A group of protestors calling for a fracking ban, dressed in yellow t-shirts and holding placards.

Fracking ban exposes embattled PM to new attack from Tory MPs

Downing Street Economy Environment Policy & Politics

Boris Johnson is under fresh attack from his own backbenches after his government announced a fracking ban.

Tory MPs and members of the Lords have denounced the ban as unconservative while claiming fracking would help Britain avoid future energy crises and massive price hikes.

More than 30 Tory rebels – including former Brexit minister Lord David Frost – have written to the embattled prime minister, insisting it is “time to reverse this moratorium”.

Doing so would herald a “British energy renaissance”, Frost told the Telegraph yesterday (February 12).  “If our economy is to boom after Brexit, British industry needs a competitive and reliable source of energy which we hold in our own hands and brings investment into this country. Shale gas production achieves all this and more.”

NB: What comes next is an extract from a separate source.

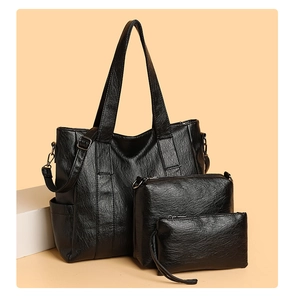 Three-piece black PU leather tote bag set including handbag and small pouch on white pedestals
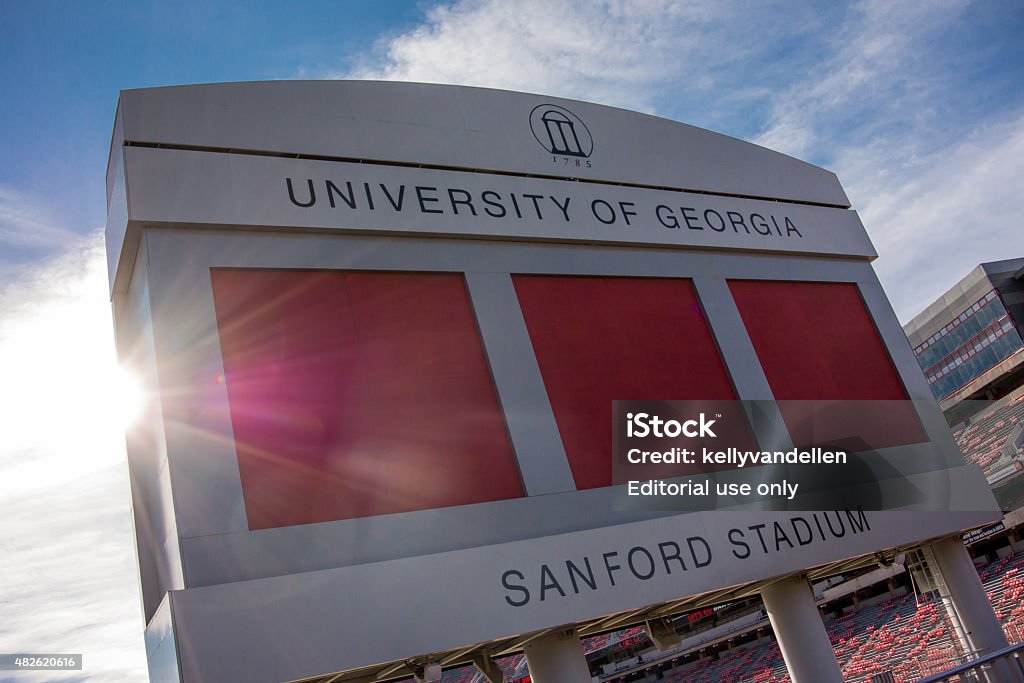 Sanford Stadium Sign Athens, United States - October 19, 2014: October 19, 2014. An early fall morning sees the sun rise over a beloved stadium in football country Athens - Georgia Stock Photo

Fracking ban ‘not thought through’, claims Cuadrilla

Shale gas company Cuadrilla was ordered to plug and abandon its two wells in Lancashire by the government’s industry regulator, the Oil and Gas Authority (OGA) last week.

Francis Egan, the CEO of Cuadrilla said he believes the decision has not “been properly thought through”.

Egan claims the fracking ban will “make reducing global emissions even harder” because importing gas produces “far higher” emissions “than those from home-produced shale gas.”

However, climate campaigners have welcomed it, saying the UK must avoid the “lock-in” to burning fossil fuels that projects such as Cuadrilla’s define.

The moratorium on UK shale gas production was imposed by the government in 2019 following concerns about tremors and earthquakes following fracking.

Although the OGA’s report said it is not currently possible to forecast the magnitude or probability of earthquakes linked to fracking, it said its decision was “on the basis of disturbance caused to residents living near” the site in Lancashire.

Fracking ban based on scientific evidence

“The development of domestic energy sources, including fracking, must be safe and cause minimal disruption and damage,” said a spokesperson for the Department for Business, Energy and Industrial Strategy.

“We ended support for fracking on the basis of scientific evidence, showing that it is not currently possible to accurately predict the probability and size of tremors associated with fracking. Shale gas remains unproven as a resource in the UK.”

The decision has not deterred the Tory MPs or peers who make up the Conservative Net Zero Scrutiny Group (NZSG).

In their letter to Johnson, the NZSG claim shale gas mining would “allow us to combat the cost of living crisis, level up, create jobs, opportunity and a renewed sense of community in the north, improve our energy security, reduce our reliance on imported gas, stabilise energy prices and achieve net zero without increasing the cost of living for already hard-pressed working families.”

The group has been accused of trying to drag climate policies into a culture war. It is a “dangerous new tactic being used by those opposed to addressing the ecological emergency”, Michael Mann, the author and internationally renowned climate expert, told the Guardian. “This is where the frontline of the battle is now, and yes, we do have to push back fiercely on this sort of pernicious disinformation.”

UK gas imports will dramatically increase

Energy imports are rising by £800 million each month according to figures released by the Office for National Statistics. The natural gas deficit has doubled in a year to almost £2 billion per month and the UK’s gas imports are set to “increase dramatically” over the next 30 years, according to the Financial Times – “even if all of the existing North Sea reserves are exploited.”

Domestic oil and gas production is in long-term decline, having peaked 20 years ago. Six North Sea projects were approved in 2021 and up to 10 are seeking approval this year and in 2023.

Forecasts predict the UK will be importing 85% of gas by 2050, up from 70% in 2030.

Johnson’s fracking U-turn

The government’s decision to seal the UK’s only two shale gas wells represents a(nother) major U-turn for the prime minister.

A decade ago Johnson championed fracking – the process of extracting shale gas by rupturing rocks with water –and rallied readers of his column in the Telegraph, to “ignore the doom merchants” and “their mad denunciations of fracking”.

It is the article with the famous line that the “collective oomph” of wave power, solar power and biomass “wouldn’t pull the skin off a rice pudding.”

The opening paragraph could have been written this week with Johnson stating in December 2012: “Here we are in the fifth year of a downturn. We have pensioners battling fuel poverty. We have energy firms jacking up their prices. We have real worries about security of energy supply – a new building like the Shard needs four times as much juice as the entire town of Colchester. “

Johnson adds: “We are therefore increasingly and humiliatingly dependent on Vladimir Putin’s gas or on the atomic power of the French state.”